A tool for predicting lncRNA-protein interaction from sequences. Based on http://ccsipb.lnu.edu.cn/hlpiensemble/index.php web server.
The package was tested under following dependencies:
Package | Version |
---|---|
python | 3.6.7 |
R | 3.5.1 |
R::dplyr | 0.7.8 |
R::caret | 6.0.82 |
R::randomForest | 4.6.14 |
R::xgboost | 0.82.1 |
R::kernlab | 0.9.26 |
R::doParallel | 1.0.14 |
R::foreach | 1.4.4 |
R::iterators | 1.0.9 |
Currently, the package works only under UNIX. Windows users should suggest using WSL or Cygwin.
One needs git >= 1.8.2
and git-lfs
to be installed to deal with large binaries at models/*.Rdata
. Run
git clone https://github.com/dmitrymyl/hlpiensemble.git
and files will be fetched via git
and git lfs
. After that, the package is ready for usage.
The master script is hlpiensemble.py
that allows one to run prediction from any directory. One should do as follows:
python3 path/to/repo/hlpiensemble.py -rna rna.fasta -protein protein.fasta -mode result -output here.csv -taskname some_task
Command line arguments are:
argument | type | description | default |
---|---|---|---|
-rna | mandatory | fasta file containing one or many RNA sequences. Allowed symbols for sequences are A, T, G, C, U. | None |
-protein | mandatory | fasta file containing one or many protein sequences. Allowed symbols for sequences are 20 amino acid letter. | None |
-mode | optional | Mode of output. If "result", will produce a .csv file. If "full", will produce a directory with all intermediate files. | result |
-output | mandatory | Name of the output file/directory. | None |
-taskname | optional | Name of task | some_task |
-cores | optional | Number of cores to use for prediction | 1 |
--timing | optional | Whether to profile execution time or not | False |
The training dataset was NPInter v2.0 database of lncRNA-protein interactions. Several features (named pse, kmer and acc) are exctracted from sequences and then applied to three mainstream algorithms: RF, SVM, XGBoost.

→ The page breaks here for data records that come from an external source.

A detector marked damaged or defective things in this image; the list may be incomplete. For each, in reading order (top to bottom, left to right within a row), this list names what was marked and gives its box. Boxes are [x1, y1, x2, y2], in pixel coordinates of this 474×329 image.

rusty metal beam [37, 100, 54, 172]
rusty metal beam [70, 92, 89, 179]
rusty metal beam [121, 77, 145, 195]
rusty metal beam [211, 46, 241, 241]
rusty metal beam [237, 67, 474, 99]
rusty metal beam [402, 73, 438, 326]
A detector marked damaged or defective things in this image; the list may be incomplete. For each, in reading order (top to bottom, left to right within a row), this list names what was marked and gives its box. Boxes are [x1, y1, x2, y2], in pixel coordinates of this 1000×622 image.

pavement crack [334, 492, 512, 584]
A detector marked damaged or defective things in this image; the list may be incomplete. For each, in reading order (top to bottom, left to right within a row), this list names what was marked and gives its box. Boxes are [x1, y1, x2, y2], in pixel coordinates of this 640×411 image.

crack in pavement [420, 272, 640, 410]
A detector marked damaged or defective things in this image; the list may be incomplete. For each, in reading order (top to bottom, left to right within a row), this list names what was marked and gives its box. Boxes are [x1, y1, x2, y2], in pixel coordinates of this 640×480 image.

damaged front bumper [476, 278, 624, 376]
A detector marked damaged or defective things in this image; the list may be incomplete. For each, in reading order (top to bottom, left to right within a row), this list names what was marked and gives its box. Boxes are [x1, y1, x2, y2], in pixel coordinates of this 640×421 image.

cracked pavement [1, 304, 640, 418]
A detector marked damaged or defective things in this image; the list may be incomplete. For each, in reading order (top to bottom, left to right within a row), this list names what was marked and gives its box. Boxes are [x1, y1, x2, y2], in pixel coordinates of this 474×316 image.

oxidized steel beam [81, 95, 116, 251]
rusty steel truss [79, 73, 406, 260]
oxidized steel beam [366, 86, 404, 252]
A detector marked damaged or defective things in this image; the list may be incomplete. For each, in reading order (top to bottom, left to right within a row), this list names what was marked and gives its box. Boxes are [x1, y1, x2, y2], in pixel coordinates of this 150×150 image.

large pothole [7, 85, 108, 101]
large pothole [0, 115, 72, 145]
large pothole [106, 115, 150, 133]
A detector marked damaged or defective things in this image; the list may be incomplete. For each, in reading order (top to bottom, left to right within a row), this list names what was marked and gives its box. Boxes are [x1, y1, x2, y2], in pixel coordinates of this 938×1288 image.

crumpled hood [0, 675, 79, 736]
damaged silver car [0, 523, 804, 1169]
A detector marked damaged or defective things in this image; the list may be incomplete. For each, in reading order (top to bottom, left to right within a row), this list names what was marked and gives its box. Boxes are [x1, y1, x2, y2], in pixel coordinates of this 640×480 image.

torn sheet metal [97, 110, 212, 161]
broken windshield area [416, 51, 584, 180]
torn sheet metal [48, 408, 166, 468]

The programme works in hlpiensemble directory. It copies sequence files (upcasing sequences and replacing Ts with Us in RNA sequence) to path/to/hlpiensemble/task/taskname
directory. Intermediate files and prediction results are produced in the same directory. Completing prediction, programme copies HLPI-Ensemble.csv
file to specified place in -output
(with renaming) in case of result
mode or move the entire directory to specified place (with renaming) in case of full
mode. In both modes, task/taskname
directory will be deleted.
If one consider parallel execution of hlpiensemble.py script, one should be aware of different names for tasks to prevent overwriting of results.
The output is .csv
file containing probabilities of interaction predicted by each algorithm for each pair of RNA and protein.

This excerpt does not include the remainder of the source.